HOW TO COMPLETE THIS TASK:
From the entries below, retype only the lines from the one with "SET 2 BOITES" through the one with "Superdry Mens Military", exactly as written.

DATA PROVIDED:
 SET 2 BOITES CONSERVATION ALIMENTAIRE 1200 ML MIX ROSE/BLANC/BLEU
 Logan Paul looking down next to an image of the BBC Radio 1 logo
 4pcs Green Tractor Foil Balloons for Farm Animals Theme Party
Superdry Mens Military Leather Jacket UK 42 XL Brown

...

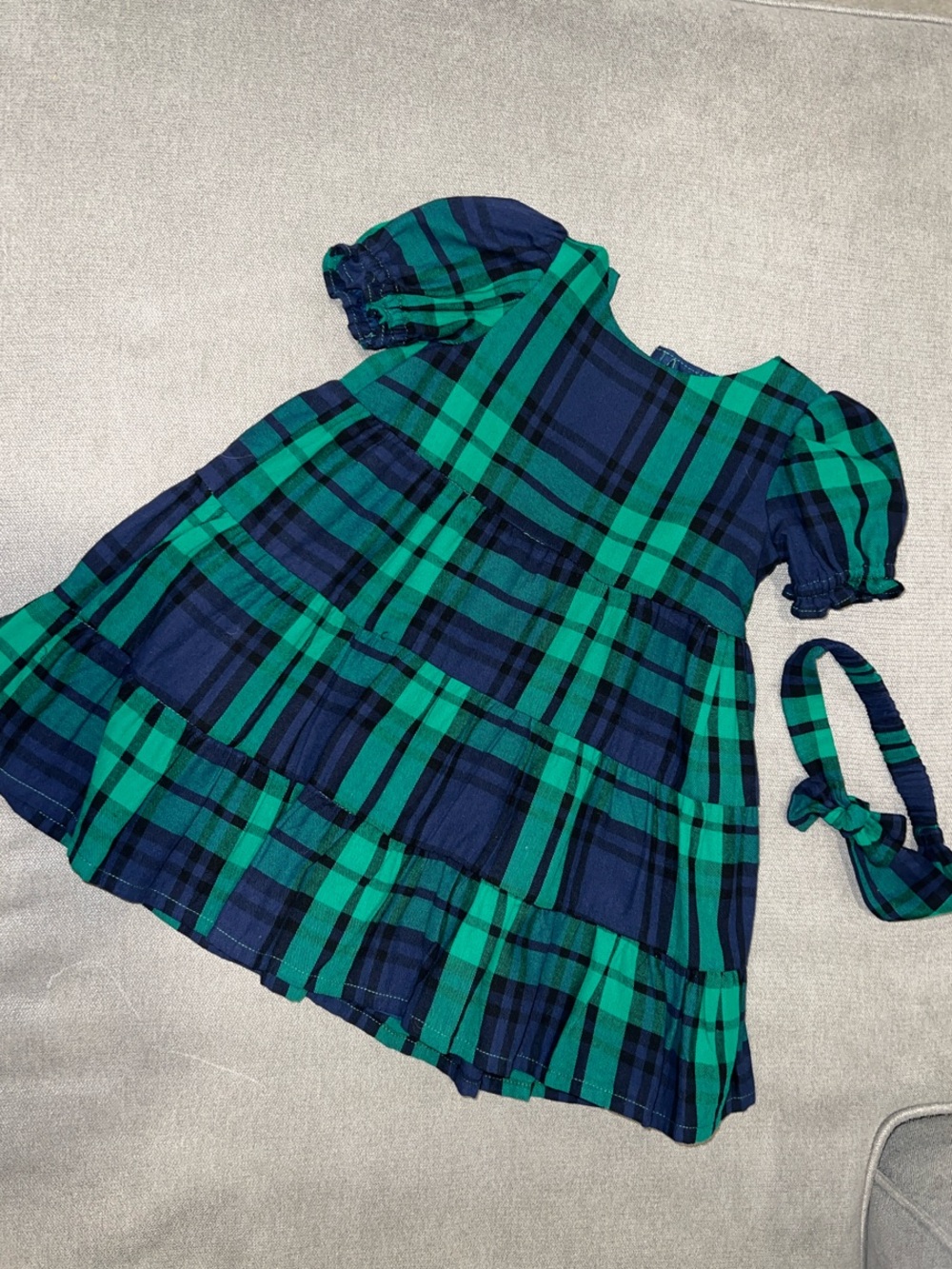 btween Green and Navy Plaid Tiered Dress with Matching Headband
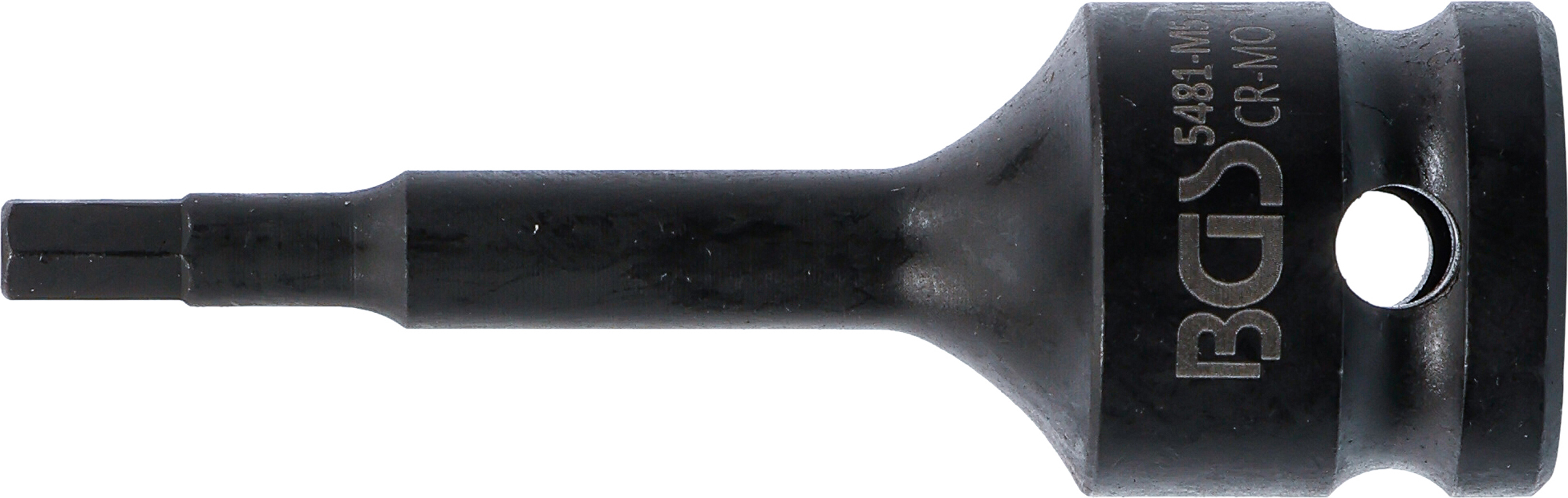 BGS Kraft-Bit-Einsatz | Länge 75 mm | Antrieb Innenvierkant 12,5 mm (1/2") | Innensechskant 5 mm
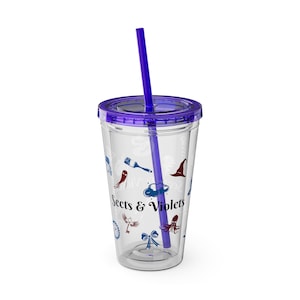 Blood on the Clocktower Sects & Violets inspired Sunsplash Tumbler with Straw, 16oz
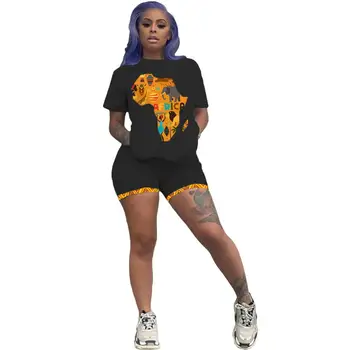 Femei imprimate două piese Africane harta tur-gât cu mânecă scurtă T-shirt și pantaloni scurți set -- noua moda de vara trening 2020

SOLUTION TO THE PROBLEM:
 SET 2 BOITES CONSERVATION ALIMENTAIRE 1200 ML MIX ROSE/BLANC/BLEU
 Logan Paul looking down next to an image of the BBC Radio 1 logo
 4pcs Green Tractor Foil Balloons for Farm Animals Theme Party
Superdry Mens Military Leather Jacket UK 42 XL Brown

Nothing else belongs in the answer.